Why are we seeing a resurgence of the left in Latin America?
This is the popular will, the will to change reality. They have been cheated by all those years of so-called liberal experience, which is not liberal at all. It’s just liberal for money. And it won’t be easy to get out of it, because we have become prisoners of what I call “the culture of impotence.” It’s very difficult in Latin America to build a democracy after so many years of military terror and in a non-democratic world that will veto your attempt to change something. The experts will come. Not soldiers, now – experts. Sometimes experts are even more dangerous than soldiers. They say, “You cannot. The market is irritated. The market may be angry.” It is as if the market is an unknown but very active and cruel god punishing us because we are trying to commit the cardinal sin of changing reality.
Just look at Evo Morales, the president of Bolivia. Bolivia was the richest country in all of the Americas at the beginning of the conquest period. They were the owners of the silver, which made possible the enrichment of Europe. Bolivia is now the poorest country in South America. Her richness was her main damnation. Morales is now trying to break with this shameful and humiliating tradition of always working for another’s prosperity. When he nationalized the gas and the oil, it was a scandal all over the world. “How could he? It’s terrible!” Why is it terrible? Because recovering dignity is a cardinal sin. But he’s also committing another cardinal sin: He’s doing what he promised he would do. We in Latin America are suffering with special intensity the divorce between words and facts. When you say yes, you do no. When you say more or less, you do less or more. So facts and words are never encountering each other. When they pass each other by random accident, they don’t say, “Hello, how are you?” because they have never met before. We are trained to lie. We are trained to accept lies as a way of life.
You have said, “Reality is not destiny; it’s a challenge. … We are not doomed to accept it as it is.” How do we avoid becoming cynical when change seems impossible?

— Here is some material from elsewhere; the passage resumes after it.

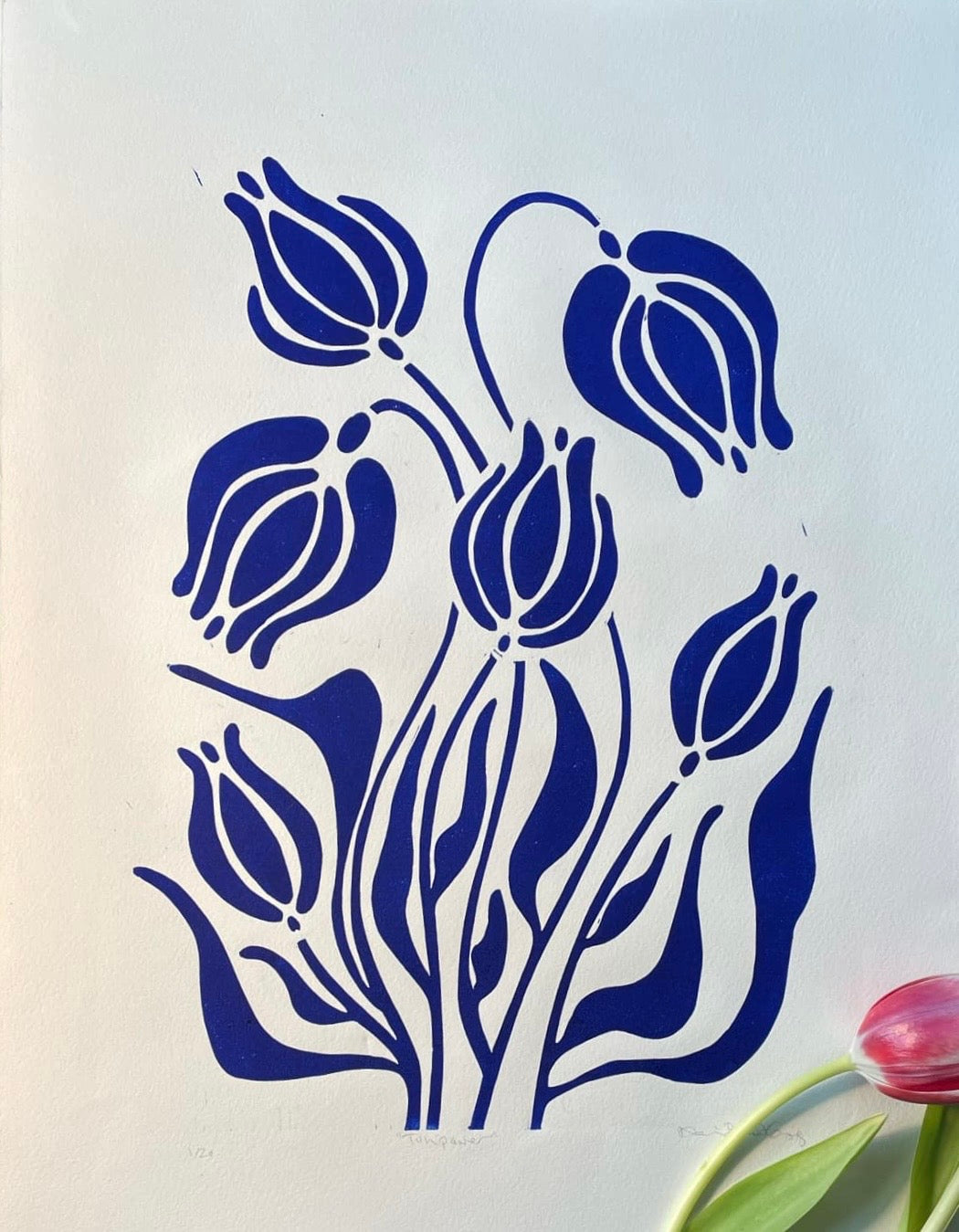 Tulipaner Ultramarinblå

By keeping alive the memory of dignity. It’s the only way. By telling and repeating that we are not born last year; we are born from a long tradition of betrayals, but also a long tradition of dignity. Here in Chicago, for instance, it is important to recover the memory of May First. The first time I came here, years ago, I was amazed that most people I encountered didn’t know that this universal worker’s fiesta – at once a tragedy and a fiesta, an homage paid to the Haymarket martyrs at the end of the 19th century – came from Chicago. And Chicago has deleted this memory, which is so important for the entire world. In present times, it’s more important than ever, because each May First, crowds and crowds of people, different languages, different cultures, different continents, all celebrate the right to organize. Nowadays, the most important enterprises in the world, like Wal-Mart, forbid unions. They are deleting a tradition of two centuries of working-class fights. It’s important for Chicago and for the entire world to recover memory. Not to visit it, like when you visit a museum, but to get from it fresh water for your thirst for justice, for beauty. It’s a way of knowing that tomorrow is not just another name for today, because yesterday tells you that time is going on.